= Martin Levan =

Martin Levan is a music producer and sound engineer who, during the 1980s and 1990s, designed the sound for many of the major musicals in the West End of London.

==Early career==
Levan began his career as the tea boy at Morgan Studios, London in 1971, rising to become an engineer and producer. His early album credits include John Martyn's Grace and Danger, Ralph McTell's Water of Dreams, Iron Maiden's eponymous album, Neil Ardley's Kaleidoscope of Rainbows and Harmony of the Spheres, Colosseum II's Wardance, Andrew Lloyd Webber's Variations and Requiem, Gary Boyle's The Dancer and Electric Glide and Barbara Thompson's Paraphernalia.

==Sound Design==
Levan's career developed in a different direction when, in 1982, Andrew Lloyd Webber contracted him to supervise the sound design for the original production of the musical Song and Dance at the Palace Theatre, London. He also produced a live recording of the first night performance. The impact of the sound production for the show led to him designing the sound for a number of musicals throughout the world over the next two decades, and regularly collaborating with Lloyd Webber.

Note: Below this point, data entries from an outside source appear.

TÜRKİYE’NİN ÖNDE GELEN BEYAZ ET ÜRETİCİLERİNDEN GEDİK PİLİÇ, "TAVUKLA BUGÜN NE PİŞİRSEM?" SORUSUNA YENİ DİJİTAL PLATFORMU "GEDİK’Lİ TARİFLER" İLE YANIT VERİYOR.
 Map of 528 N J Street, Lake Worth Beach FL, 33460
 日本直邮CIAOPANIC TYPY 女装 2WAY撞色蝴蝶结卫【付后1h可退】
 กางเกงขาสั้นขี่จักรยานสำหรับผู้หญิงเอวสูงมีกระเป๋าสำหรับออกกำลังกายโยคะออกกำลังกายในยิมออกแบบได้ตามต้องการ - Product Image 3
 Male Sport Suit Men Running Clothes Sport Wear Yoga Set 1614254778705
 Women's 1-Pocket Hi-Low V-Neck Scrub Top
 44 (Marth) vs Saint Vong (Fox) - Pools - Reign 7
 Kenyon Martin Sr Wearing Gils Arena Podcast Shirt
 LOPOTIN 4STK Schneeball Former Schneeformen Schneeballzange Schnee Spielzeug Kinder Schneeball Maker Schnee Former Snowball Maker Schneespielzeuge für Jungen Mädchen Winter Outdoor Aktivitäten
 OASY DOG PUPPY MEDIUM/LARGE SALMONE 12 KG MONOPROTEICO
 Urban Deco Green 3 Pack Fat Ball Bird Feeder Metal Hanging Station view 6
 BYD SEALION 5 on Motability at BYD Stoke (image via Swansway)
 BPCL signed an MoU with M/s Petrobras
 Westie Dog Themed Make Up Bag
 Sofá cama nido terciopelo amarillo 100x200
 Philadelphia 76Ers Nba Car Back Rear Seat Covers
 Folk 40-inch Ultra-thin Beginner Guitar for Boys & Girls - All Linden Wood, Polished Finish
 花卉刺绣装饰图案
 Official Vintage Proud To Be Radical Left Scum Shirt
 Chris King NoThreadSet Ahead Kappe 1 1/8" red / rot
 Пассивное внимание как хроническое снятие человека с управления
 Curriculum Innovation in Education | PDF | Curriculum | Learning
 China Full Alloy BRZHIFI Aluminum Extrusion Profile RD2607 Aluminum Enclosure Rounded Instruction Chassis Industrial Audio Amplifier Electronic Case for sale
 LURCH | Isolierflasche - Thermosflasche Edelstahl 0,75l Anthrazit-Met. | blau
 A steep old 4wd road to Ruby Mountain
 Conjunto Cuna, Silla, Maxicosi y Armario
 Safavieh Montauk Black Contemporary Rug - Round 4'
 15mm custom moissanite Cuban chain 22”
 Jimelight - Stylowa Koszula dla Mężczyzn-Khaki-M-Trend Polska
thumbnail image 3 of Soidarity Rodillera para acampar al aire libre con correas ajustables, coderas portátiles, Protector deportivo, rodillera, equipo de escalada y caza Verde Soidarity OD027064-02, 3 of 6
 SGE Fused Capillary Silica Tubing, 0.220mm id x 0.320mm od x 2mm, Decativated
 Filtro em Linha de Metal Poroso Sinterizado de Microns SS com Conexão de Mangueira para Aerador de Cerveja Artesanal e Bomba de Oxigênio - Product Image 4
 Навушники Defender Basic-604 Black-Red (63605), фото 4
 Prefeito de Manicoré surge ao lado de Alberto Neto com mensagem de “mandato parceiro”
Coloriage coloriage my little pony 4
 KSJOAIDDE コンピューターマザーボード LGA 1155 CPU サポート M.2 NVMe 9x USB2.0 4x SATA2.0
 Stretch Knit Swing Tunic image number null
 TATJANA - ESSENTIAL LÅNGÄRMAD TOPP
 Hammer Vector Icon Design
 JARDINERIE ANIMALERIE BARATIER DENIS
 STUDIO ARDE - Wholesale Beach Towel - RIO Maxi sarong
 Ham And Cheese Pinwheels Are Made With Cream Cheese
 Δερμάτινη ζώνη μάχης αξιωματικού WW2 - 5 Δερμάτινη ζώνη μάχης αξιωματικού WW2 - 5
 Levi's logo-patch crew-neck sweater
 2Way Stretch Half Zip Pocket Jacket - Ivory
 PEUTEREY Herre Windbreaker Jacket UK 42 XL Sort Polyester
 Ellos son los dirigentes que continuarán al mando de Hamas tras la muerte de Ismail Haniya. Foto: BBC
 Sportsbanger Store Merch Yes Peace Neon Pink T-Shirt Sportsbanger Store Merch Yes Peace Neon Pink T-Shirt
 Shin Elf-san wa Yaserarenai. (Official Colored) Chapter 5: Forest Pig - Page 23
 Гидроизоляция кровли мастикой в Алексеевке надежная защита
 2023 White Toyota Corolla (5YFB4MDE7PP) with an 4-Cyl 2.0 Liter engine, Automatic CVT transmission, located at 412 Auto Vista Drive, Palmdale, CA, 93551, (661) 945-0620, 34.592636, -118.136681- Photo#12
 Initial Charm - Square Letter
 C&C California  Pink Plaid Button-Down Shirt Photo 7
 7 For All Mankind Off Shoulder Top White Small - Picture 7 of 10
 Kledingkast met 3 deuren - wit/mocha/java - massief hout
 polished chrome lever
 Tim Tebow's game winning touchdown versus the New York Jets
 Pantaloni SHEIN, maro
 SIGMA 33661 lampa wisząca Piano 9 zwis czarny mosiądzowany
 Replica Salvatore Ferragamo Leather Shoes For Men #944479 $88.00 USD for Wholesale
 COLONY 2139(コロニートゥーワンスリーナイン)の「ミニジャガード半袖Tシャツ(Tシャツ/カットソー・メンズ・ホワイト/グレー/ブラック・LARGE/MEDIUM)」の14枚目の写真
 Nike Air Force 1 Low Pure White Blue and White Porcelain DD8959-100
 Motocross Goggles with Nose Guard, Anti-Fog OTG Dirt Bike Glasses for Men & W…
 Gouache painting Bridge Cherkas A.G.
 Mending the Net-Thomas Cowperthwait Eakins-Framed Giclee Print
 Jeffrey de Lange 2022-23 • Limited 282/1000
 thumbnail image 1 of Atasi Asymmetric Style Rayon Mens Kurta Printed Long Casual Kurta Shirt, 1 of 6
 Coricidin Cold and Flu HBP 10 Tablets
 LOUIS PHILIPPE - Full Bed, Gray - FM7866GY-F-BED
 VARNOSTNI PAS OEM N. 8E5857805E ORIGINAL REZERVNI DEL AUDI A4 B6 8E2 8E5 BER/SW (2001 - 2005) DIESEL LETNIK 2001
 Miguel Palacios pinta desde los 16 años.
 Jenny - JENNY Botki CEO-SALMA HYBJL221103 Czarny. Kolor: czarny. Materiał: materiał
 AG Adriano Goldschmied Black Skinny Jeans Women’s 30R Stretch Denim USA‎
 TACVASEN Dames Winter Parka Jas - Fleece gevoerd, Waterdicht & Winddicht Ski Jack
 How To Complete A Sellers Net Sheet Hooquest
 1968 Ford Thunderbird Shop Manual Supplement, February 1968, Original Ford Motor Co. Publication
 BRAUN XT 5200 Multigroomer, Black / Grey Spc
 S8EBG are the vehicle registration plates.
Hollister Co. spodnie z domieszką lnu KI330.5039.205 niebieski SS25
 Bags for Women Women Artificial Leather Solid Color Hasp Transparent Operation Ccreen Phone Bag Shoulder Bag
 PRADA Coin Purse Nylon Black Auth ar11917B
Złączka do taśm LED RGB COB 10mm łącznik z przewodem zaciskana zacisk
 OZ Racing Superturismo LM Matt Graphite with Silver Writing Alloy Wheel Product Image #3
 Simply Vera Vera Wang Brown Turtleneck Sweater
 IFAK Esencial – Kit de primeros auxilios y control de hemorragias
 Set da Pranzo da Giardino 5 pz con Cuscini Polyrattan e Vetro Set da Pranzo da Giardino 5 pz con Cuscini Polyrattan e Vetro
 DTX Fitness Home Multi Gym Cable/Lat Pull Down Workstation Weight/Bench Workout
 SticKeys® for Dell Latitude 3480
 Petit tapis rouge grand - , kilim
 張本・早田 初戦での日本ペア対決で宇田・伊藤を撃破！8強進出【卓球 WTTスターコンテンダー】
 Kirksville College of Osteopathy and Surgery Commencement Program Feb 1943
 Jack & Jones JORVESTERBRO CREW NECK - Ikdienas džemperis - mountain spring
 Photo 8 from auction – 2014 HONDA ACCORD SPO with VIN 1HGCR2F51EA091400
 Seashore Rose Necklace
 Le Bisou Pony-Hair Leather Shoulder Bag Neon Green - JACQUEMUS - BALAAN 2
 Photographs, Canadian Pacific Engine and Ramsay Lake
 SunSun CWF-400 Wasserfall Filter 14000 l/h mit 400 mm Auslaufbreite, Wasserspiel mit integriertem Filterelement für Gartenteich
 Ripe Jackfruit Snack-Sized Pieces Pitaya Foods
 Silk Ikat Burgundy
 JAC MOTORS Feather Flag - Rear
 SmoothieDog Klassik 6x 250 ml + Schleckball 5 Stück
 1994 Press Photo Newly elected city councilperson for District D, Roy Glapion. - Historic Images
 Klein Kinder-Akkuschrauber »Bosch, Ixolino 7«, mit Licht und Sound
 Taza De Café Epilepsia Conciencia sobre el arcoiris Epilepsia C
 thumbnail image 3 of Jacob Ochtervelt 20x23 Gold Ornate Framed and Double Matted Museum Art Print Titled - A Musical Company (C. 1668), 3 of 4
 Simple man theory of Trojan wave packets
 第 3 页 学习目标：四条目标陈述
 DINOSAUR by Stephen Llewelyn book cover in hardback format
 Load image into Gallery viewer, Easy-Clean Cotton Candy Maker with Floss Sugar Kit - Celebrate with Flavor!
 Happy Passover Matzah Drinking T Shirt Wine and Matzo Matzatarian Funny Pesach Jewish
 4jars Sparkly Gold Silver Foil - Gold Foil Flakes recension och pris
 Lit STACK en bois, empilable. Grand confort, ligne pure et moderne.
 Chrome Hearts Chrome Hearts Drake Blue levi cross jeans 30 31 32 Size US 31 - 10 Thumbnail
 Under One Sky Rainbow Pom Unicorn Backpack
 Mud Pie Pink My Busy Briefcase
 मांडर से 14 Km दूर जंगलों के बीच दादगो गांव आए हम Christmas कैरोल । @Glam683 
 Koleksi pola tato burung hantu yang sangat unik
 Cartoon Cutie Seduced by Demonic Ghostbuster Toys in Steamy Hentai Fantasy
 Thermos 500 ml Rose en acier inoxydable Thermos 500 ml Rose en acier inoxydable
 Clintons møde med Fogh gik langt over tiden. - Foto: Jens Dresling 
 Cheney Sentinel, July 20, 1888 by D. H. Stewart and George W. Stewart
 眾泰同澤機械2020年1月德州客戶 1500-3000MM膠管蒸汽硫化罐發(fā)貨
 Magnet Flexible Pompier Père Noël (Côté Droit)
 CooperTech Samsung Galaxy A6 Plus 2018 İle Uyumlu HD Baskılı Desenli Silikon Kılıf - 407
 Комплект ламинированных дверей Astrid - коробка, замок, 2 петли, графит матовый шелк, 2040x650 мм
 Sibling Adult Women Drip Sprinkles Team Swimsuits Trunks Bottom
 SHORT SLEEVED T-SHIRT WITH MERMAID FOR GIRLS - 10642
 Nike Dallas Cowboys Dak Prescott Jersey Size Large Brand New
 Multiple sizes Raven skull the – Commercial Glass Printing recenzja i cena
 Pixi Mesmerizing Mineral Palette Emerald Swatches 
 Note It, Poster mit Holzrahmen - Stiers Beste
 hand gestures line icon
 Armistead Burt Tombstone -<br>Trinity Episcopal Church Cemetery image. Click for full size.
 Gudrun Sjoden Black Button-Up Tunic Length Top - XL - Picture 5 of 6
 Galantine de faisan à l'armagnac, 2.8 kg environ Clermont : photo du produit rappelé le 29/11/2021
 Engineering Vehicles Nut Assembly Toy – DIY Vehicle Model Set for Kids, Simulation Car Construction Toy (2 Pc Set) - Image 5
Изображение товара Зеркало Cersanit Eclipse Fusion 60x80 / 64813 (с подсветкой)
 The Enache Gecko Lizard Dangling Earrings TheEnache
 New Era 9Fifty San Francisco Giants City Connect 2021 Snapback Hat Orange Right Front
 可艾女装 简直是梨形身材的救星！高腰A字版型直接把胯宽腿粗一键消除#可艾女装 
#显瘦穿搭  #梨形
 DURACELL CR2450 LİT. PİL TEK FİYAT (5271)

With Lloyd Webber, he worked on the original 1984 London and 1987 Broadway productions of Starlight Express, the 1985 original Broadway production of Song and Dance, the 1986 London and 1988 Broadway productions of The Phantom of the Opera. In all productions of the show, the overture is partially pre-recorded, with the orchestra playing along with a track originally created by Levan and Rod Argent using a Yamaha DX5 keyboard, at Rod's home studio.

He also collaborated with Lloyd Webber on the original 1989 London production of Aspects of Love, the 1991 revival of Joseph and the Amazing Technicolor Dreamcoat at the London Palladium, the original 1993 London and 1994 Broadway productions of Sunset Boulevard, the original 1998 London production of Whistle Down the Wind, the original 2000 London production of The Beautiful Game and international productions of Cats.

His other Sound Design credits include Little Shop of Horrors, Kiss of the Spider Woman, Blondel, Carrie, The Baker's Wife, Show Boat and Lautrec.

In 1988, while preparing the design for Aspects of Love, he developed the 'A-B System' to combat phase problems associated with the conventional method of combining multiple radio microphones systems on stage. Phase related interference patterns resulting in coloration and distortion in the sound system had hitherto been unavoidable but the use of the 'A-B System' effectively eliminated this phenomenon providing the audience with a much more natural, clearer and more focussed sound.

More recently, in 2024, Levan collaborated with Broadway and West End sound designer Gareth Owen to present a series of lectures on sound design at London's PLASA show. In conversation they discussed the evolution of modern sound design and how many of the original techniques developed by Levan are still practiced by Owen today.

==Awards==
His original Broadway cast recording of Cats won a Grammy Award. Other awards include an NAACP Theatre Award for Best Sound Director for The Phantom of the Opera, a Los Angeles Drama Critics Circle Award for Best Sound Design for Sunset Boulevard and a Jessie Richardson Theatre Award for Outstanding Design Team Achievement for Show Boat.

==Return to the Recording Studio==
In 1998, Martin conceived and built the Red Kite Studio music recording facility in Carmarthenshire, Wales. He continues to produce and record there.